Organisierte und rituelle Gewalt: Definition und Abgrenzung

„Sexueller Missbrauch in organisierten Struk­turen meint sexualisierte Gewalt und Ausbeu­tung von Kindern, Jugendlichen und Erwach­senen durch untereinander bekannte und ver­netzte Täter und Täterinnen, die zielgerichtet, wiederholt und mit langfristiger Abhängigkeit der Betroffenen erfolgen“, so die Kommission. Steht hinter dem Handeln der Täter/innen eine ideologischer Gedanke, wird diese Gewalt­form als rituelle Gewalt oder ritueller Miss­brauch bezeichnet. Besonders Rechtsextremismus und Satanismus (24%), Christentum oder Adventisten (20%) und esoterisch-schamanistische Ideologien (7%) wurden in der Auswertung eines Bilanzberichts der UBKSM aus Anhörungen, Berichten und Online-Befragungen von Betroffenen als vorherrschende Ideologien benannt. 

Täter/innen von Kindesmissbrauch in organisierten rituellen Strukturen und deren Masche 

Aus einer publizierten Arbeit im oben genannten Bericht geht hervor, dass Täter/innen durch die Anwendung verschiedenster Arten von Gewalt Kontrolle über Betroffene ausüben. Einen großen Faktor nimmt dabei die gesellschaftliche Positionierung der Täter/innen selbst ein. Diese wird generell als angepasst bis angesehen beschrieben, oft üben sie sogar einflussreiche Machtpositionen in Politik, Wirtschaft oder Gesellschaft aus. Eine weitere Säule bildet die strategische Manipulation durch Ideologien, um Betroffene an die Gruppe zu binden, Gewalttaten zu legitimieren und Widerstand zu hemmen. Auch psychische Manipulation, wie durch massive Traumatisierung zugängliche Verhaltenslenkung oder die Ausnutzung psychologischer Grundbedürfnisse, um Gruppenbindung zu erzeugen, wurde beschrieben. Eine besonders häufig verwendete Strategie: das sogenannte Gaslighting, welches eine gezielte Manipulation des Realitätsbewusstseins darstellt. 

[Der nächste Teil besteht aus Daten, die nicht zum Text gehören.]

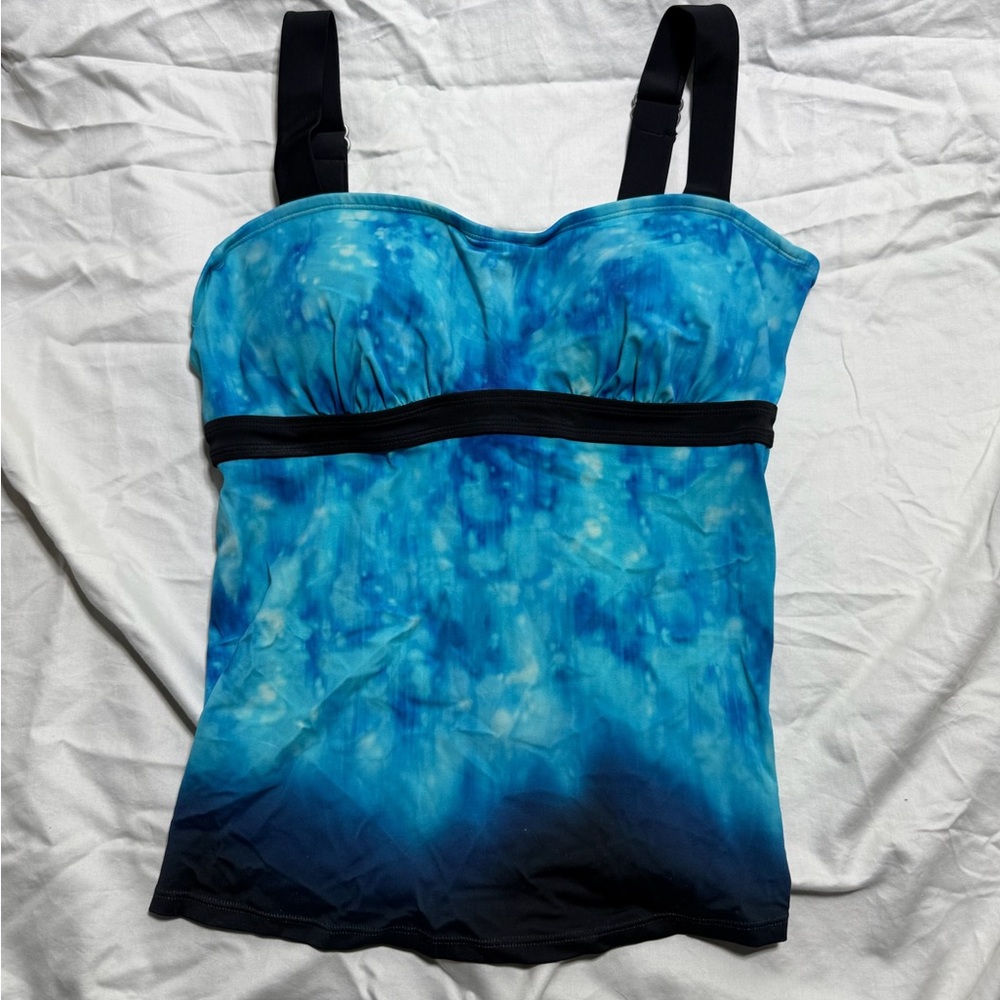 Athleta Blue and Black Swim Top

Erlebte Gewalt und Missbrauch aus Sicht der Betroffenen

Durchschnittlich im Alter von 3 Jahren werden viele der betroffenen Kinder und Jugendlichen laut einer im Bilanzbericht dargestellten Studie erstmals missbraucht, wobei ein breites Spektrum an Gewalterfahrungen zu berichten ist. Besonders oft erfolgt schwere sexuelle Ausbeutung durch Kinderprostitution (67%) und Kinderpornografie (65%). Mehr als 24% wurden Opfer von Menschenhandel. Neben wiederholten Vergewaltigungen durch mehrere Täter/innen (85%) wurden häufig auch Nahtoderfahrungen (86%) und erzwungene Gewalt gegen andere Menschen (68%) genannt. 

Sexueller Kindesmissbrauch in organisierten rituellen Strukturen
Quelle: „Organisierte und rituelle Gewalt in Deutschland“ I S. 251
Folgen des Kindesmissbrauchs in organisierten rituellen Strukturen 

Die Betroffenen brauchten laut Nick et al. im Durchschnitt mehr als 24 Jahre, bis sie über das Erlebte sprechen konnten. Mehr als 91% der Teilnehmer/innen der Befragung bestätigten, dass infolge der frühen und wiederholten Gewalt dissoziative Persönlichkeitsanteile entstanden sind. Dabei gab mehr als die Hälfte an, dass diese Persönlichkeitsanteile von Täter/innen über Gewaltanwendung gezielt erzeugt wurden. Entsprechend häufig (85%) seien eine Komplexe posttraumatische Belastungsstörung (KPTBS) und die Dissoziative Identitätsstörung (DIS; 84%) diagnostiziert worden.

Einen Ausstieg haben bis dato 57% der Studienteilnehmer/innen geschafft. Polizei und Justiz wurden dabei nur von 1% als hilfreich erlebt.